A Two-Part Excel Puzzle, with Arrays, Text, ASCII, and Concatenation

It should have been a simple Excel formula. But it became a two-part puzzle needing arrays, ASCII codes, and text concatenation to solve.

3894

It should have been a simple Excel formula. But it became a two-part puzzle needing arrays, ASCII, and text concatenation to answer.Recently, I needed to compare two long columns of text of various lengths to make sure that each row of text in column A and column B were identical.

That is, only “Ant” = “Ant” and “ant” = “ant” should pass the test. But “Ant” = “ant” should fail the test.

I knew that a formula like =A2=B2 wouldn’t work because the formula =”Ant”=”ant” returns TRUE. That is, Excel’s normal formula is case-insensitive.

So what formula would give me a case-sensitive comparison?

For some reason, the EXACT function had slipped my mind:

=EXACT( text1, text2 )

This function would have given me the results I needed immediately.

Instead, to solve this puzzle, I took a journey through arrays, concatenation, ASCII, and the differences between the current version of Excel and an older version, like Excel 2016 or earlier.

Solving those two puzzles turned out to be great fun for me. If you enjoy puzzles like this, before you read on, try to think of one solution for Excel 365 or 2019, and another solution for Excel 2016.

Getting Started

Suppose I want to test whether “Ant” is exactly the same as “ant”—without using the EXACT function.

The only way that I could think to do that would be to convert both text values into their ASCII equivalents, and then compare those two sets of values somehow. I couldn’t compare the sums of those values, because the sums could turn out to be the same for non-identical text—like “Aa” and “aA”. Instead, I had to compare their ASCII values in some other way.

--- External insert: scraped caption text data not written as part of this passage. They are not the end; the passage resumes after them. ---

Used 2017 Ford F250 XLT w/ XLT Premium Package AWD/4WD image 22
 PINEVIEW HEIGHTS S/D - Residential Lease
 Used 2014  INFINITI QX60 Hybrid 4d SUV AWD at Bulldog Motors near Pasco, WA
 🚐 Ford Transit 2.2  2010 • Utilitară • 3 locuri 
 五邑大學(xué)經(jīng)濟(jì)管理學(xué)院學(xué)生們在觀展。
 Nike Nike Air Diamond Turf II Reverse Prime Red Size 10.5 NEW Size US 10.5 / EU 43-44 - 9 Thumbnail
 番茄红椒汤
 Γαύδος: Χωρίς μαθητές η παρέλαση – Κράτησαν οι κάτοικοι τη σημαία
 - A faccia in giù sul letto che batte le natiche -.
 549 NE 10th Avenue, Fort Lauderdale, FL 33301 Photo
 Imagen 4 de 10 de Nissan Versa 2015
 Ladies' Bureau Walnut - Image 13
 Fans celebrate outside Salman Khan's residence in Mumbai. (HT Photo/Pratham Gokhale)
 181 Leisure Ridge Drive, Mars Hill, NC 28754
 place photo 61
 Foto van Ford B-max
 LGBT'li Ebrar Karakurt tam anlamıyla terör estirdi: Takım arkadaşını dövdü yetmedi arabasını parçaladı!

Puzzle 1: The Excel 365 Solution

Because I had to convert each character in a cell to its ASCII value, I had to address each character one at a time. That meant that I needed to use these two functions:

MID( text, start_num, num_chars )

CODE( text )

The MID function returns the specified character or characters from the text. Therefore, to get started, I would need to use these two functions somewhat like this:

=CODE( MID( text, 1, 1 ) )
=CODE( MID( text, 2, 1 ) )
=CODE( MID( text, 3, 1 ) )
Etc.

However, writing all those formulas would be a painful task. I needed to simplify the process. To do that, I decided to use the SEQUENCE function:

SEQUENCE( rows, [columns], [start], [step] )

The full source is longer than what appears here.